Comment by Susan B on September 14, 2013 at 8:00pm

thank you Fred. You have quite a gift, that you share it with us is very special to me. Grateful to have you as a member of this community. I'm going to share the last part with a friend who just lost her oldest son to a horrible accident. She and her husband are struggling to understand grief, their friends as well.

Comment by bj628(Bonnie) on September 14, 2013 at 6:15pm

Thanks for sharing..  I like the dish smashing.  I have some cement stepping stones with pieces of smashed

dishes.  Grief comes to all of us.. not much age boundry.. Missing the love, cuddles and special times.

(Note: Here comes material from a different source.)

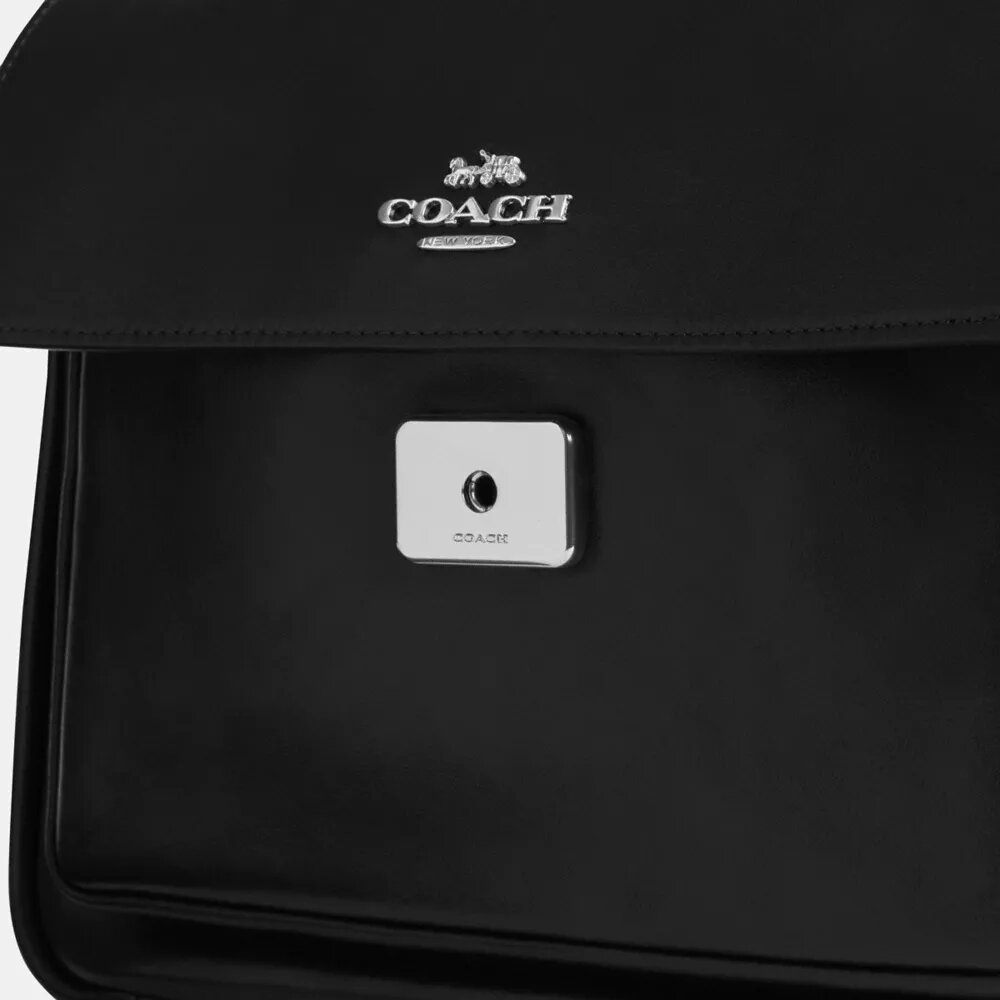 Sac bandoulière Elodie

(((((big hugs)))) to you all..

Comment by Suz on September 14, 2013 at 4:42pm

Fred, This is so good and so helpful. We are as children when we experience this deep grief. That is so profound. I have never thought of that. My mind first went to the tenderness, caring and acceptance with which you and your daughter treated Ms. McKoKo, in her deep grieving, then to the gift you gave her in accepting her anger (many of us grew up not being allowed that emotion) but then, I was blown away by the thought that, really, we are not in any better shape than Ms. McKoKo in dealing with the overwhelming rage and horrific sadness and sense of loss that losing our beloved brings.

So I sit here, wishing for my mom, who died when I was eighteen, yet knowing that even she could not offer me the comfort I want. All we can do is keep on moving, embracing each other in the process. I am glad she has you and her mama, I am glad I have my daughter, my brother, and Jud's sisters, and I hope we can all hang on as we move forward in our lives. i am glad I met you, who I probably would never have met without WV and I am glad I met others, who have metaphorically held my hand. Eventually, all shall be well. As an "honorary Catholic," I hang on to the words of St. Julian of Norwich...

'All shall be well

All shall be well

And all manner of things shall be well."

May it be so, for all of us.

Thanks, Fred. You have a book in you.


VOLUNTEER
Comment by Soaring Spirits on September 14, 2013 at 5:18am
Oh Fred. As always, your words are so wise and beautiful. I get a clear picture of these 3 amazing ladies in your family, and wow, how lucky they are to have you, too. I love the smash/mosaic idea and I hope you folks do this and write us up a tutorial!